I need to design one that makes a concave curve on a 4 7/32" radius. I want to do it on a lathe on a face plate but my Grizzly only has a 7.5" face plate but a 9" swing. Perhaps an aluminum sacrificial plate?

Bernd

Here's a drawing of what I need to raduis. It's a pedestal for a truck on a steeple cab electric loco.


----------



## Philjoe5 (Sep 8, 2008)

Thanks Marv for showing a great fixture. I often run into a problem using my rotary table for rounding things. This looks like a good option to have in the old "toolbox". :bow:

Cheers,
Phil


----------



## tmuir (Sep 9, 2008)

I love that, very different.
How big is the model?


----------



## Metal Mickey (Sep 9, 2008)

Good tip! Stored away for the future, many thanks. Good luck with the build but where are you going to find the Tarmac to roll? :big:

Mike


----------



## hitandmissman (Sep 9, 2008)

Nice tip. I have that set of plans myself but never started it. Maybe some day. Please keep us informed as to how it is coming along.


----------



## Stan (Sep 9, 2008)

Marv: A friend of mine made that model several years ago.

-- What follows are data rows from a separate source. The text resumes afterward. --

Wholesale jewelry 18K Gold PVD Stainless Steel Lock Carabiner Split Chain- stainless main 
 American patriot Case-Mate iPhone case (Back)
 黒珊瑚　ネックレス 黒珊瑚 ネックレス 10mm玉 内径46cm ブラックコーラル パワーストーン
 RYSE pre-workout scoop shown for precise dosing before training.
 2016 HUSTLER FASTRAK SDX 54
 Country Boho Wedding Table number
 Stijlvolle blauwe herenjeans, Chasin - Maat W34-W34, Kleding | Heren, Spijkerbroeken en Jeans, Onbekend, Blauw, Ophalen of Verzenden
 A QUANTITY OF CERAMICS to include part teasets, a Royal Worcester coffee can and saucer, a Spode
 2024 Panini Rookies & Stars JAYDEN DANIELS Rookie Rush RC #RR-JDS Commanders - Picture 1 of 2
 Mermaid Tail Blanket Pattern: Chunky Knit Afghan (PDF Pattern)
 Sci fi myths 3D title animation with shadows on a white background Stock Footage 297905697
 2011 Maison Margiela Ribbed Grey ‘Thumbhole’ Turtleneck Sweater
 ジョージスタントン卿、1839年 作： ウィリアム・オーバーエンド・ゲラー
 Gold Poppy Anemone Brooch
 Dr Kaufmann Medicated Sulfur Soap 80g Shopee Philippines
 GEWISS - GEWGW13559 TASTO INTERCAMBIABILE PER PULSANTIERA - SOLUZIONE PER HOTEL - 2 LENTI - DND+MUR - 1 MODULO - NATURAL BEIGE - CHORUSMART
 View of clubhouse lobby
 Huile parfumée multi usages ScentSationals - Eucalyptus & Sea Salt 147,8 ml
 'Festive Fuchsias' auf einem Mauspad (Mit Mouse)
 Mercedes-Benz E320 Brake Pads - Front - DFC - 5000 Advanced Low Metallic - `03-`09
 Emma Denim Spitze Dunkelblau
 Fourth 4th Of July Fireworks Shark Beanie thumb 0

When he died, I inherited some of his tooling and I think I have the two gear cutters he bought to make the drive gears on the roller. You are welcome to them if you need them. Send me an email and I will dig them up and get the data of them.
Stan


----------



## georgeseal (Sep 9, 2008)

Stan,
Put me on the list for using the gear cutters.
I have one about half finished. (along with a bunch of other projects)
I go great guns on a project until I run into a problem and lay the project down. It may take years to resume. This used to bother me (and SWMBO). Now I have realized that I am not selling these models and it does not matter if they are finished or not. What is important is the enjoyment that I have received by working on them.

just my $0.02 worth


----------



## mklotz (Sep 9, 2008)

Bernd,

Another approach for your part is to do it incrementally on the mill with a ball-end mill.
Take a look at the ROUNDER program on my web site. It's designed to do just that sort of operation.

Metal Mickey,

I live in Southern California. Half of the county is tarmac parking lots.

Stan,

Thanks for the offer. I'll get an email off to you post haste.


----------